» Directions
Leaving out the pictures, write the following records exactly as they read.

Content starts

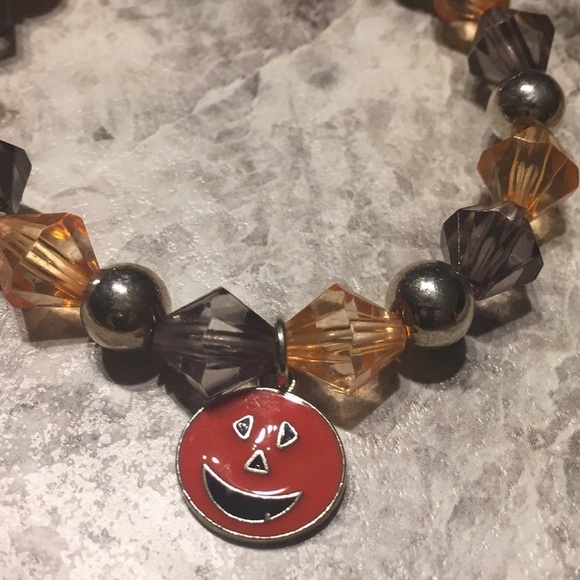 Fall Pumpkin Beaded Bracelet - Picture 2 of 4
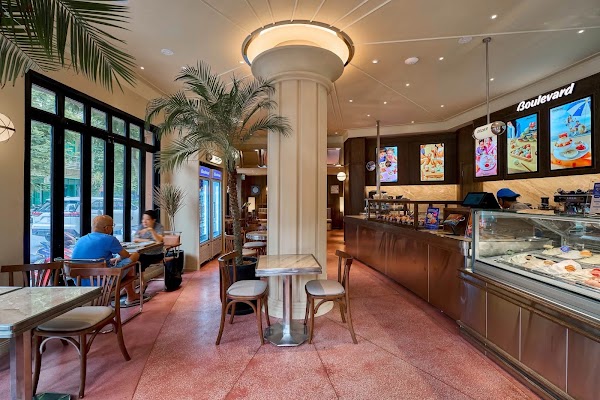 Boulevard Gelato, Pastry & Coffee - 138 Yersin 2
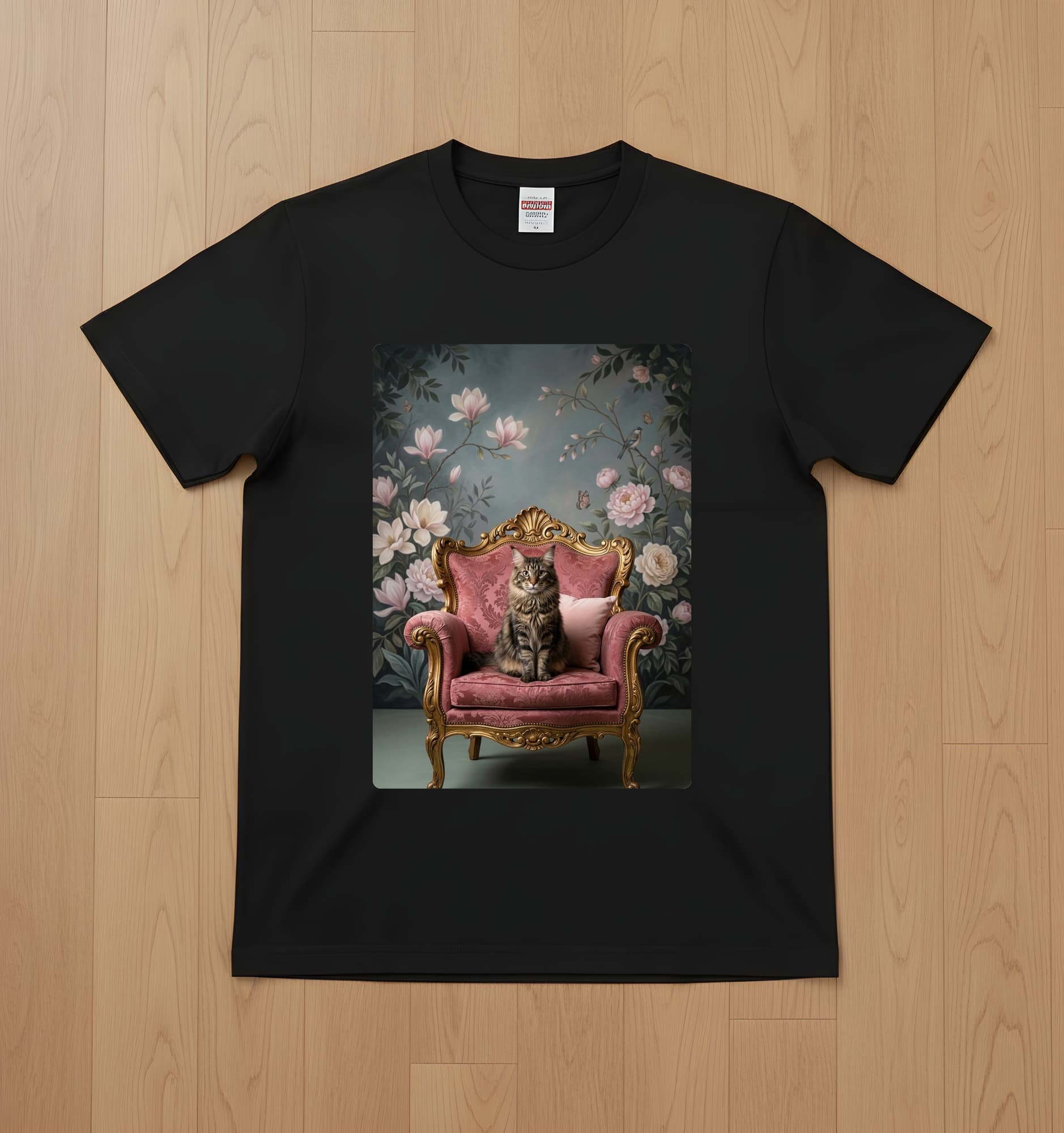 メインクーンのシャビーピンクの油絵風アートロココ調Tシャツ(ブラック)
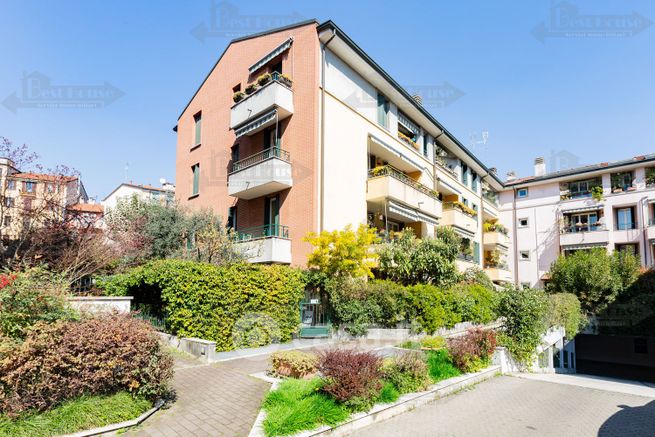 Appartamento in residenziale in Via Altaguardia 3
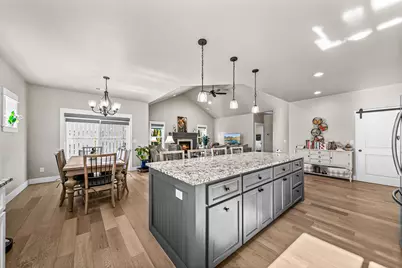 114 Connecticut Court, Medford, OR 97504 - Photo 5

Content ends

» Your response
 Fall Pumpkin Beaded Bracelet - Picture 2 of 4
 Boulevard Gelato, Pastry & Coffee - 138 Yersin 2
 メインクーンのシャビーピンクの油絵風アートロココ調Tシャツ(ブラック)
 Appartamento in residenziale in Via Altaguardia 3
 114 Connecticut Court, Medford, OR 97504 - Photo 5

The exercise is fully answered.